A standard three-pin plug works in an emergency, but it is slow, often 24 hours or more for a full charge, and not designed to run at full power for that long. For daily life, a dedicated wallbox is the one to have.
Installing a home charger
A 7kW home wallbox typically costs £800 to £1,200 installed. The government's EV chargepoint grant covers up to £350 towards installation for eligible homes, mainly flats and rental properties with off-street parking.
Pairing a wallbox with an EV tariff is what unlocks the lowest overnight rates, so for anyone with a driveway it usually pays for itself fairly quickly. If you can charge at home, the savings against petrol are substantial. If you lean on public charging, an EV is still usually cheaper to run, but the margin tightens and depends heavily on which networks you use.
Which EV charges cheapest?
Battery size and efficiency set your charging bill more than anything else. A small, efficient car sipping 4 miles per kWh costs noticeably less to run than a big SUV doing 2.8, even on the same tariff. If you are still choosing a car, our pick of the best EV cars for new drivers in 2026 leans towards the efficient, affordable end, and drivers using their car for work can find the best electric cars for UK taxi drivers a useful shortlist, since high-mileage drivers feel the cost-per-mile difference fastest.
How charging links to your other running costs
Charging is only one line on the bill. Road tax, servicing and depreciation all factor in too, and our breakdown of electric car running costs in the UK for 2026 maps the lot. Insurance is the other big one, and a common question is whether going electric helps or hurts the premium. Our look at whether car insurance is cheaper for electric cars covers where EV cover actually sits against petrol.
There is also a neat overlap between how you charge and how you insure. EVs reward smooth, planned driving, because hard acceleration drains the battery and regenerative braking works best when you read the road ahead. Those are the same habits that stretch your range between charges, and the same ones a usage-based policy rewards. Zego's telematics car insurance prices cover on how you actually drive, using the Zego Sense app to score your acceleration, braking and focus. If you are curious about the mechanics, our guide on how telematics car insurance works breaks down what gets measured and what moves the number.
The bottom line is simple. Charge at home overnight on an EV tariff and you are looking at roughly 2p a mile, which is about as cheap as motoring gets in the UK. Rely on motorway rapid chargers for everything and the savings shrink fast. The fuel type sets the starting point. How you charge sets the final number.
References
Ofgem, "Changes to energy price cap between 1 April and 30 June 2026" (25 February 2026). Cited for the standard variable electricity unit rate of 24.67p/kWh, the 57.21p daily standing charge, and the 26.11p/kWh figure for July to September 2026.

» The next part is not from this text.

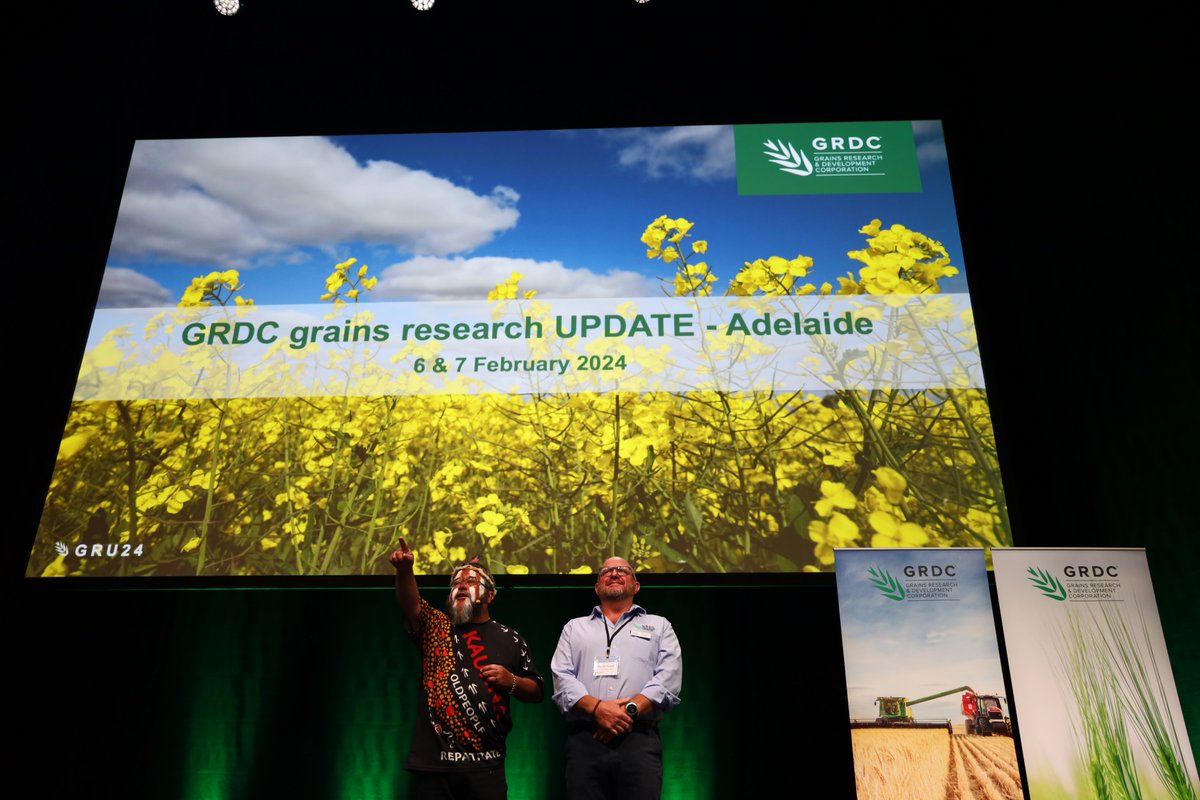 Thanks to the 400+ growers, advisers, researchers, students, media & others who joined us in Adelaide this week for the 2024 Grains Research Update. It was great! 📰Read the papers bit.ly/3OC12By 👉Register for an Update bit.ly/3Hvq81Y #GRDCUpdates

Octopus Energy, Intelligent Octopus Go (April 2026). Cited for the 8p/kWh off-peak EV charging rate and the reduced regional rates from April 2026.
House of Commons Library, "Petrol and diesel prices" (March 2026). Cited for UK pump prices of around 135p/litre petrol used in the per-mile comparison.
Zapmap Charging Price Index (May 2026). Cited for public charging averages of 54p/kWh (slow/fast) and 79p/kWh (rapid/ultra-rapid), per-mile equivalents, and the 63p to 92p network range including Tesla, InstaVolt, Believ and Sainsbury's.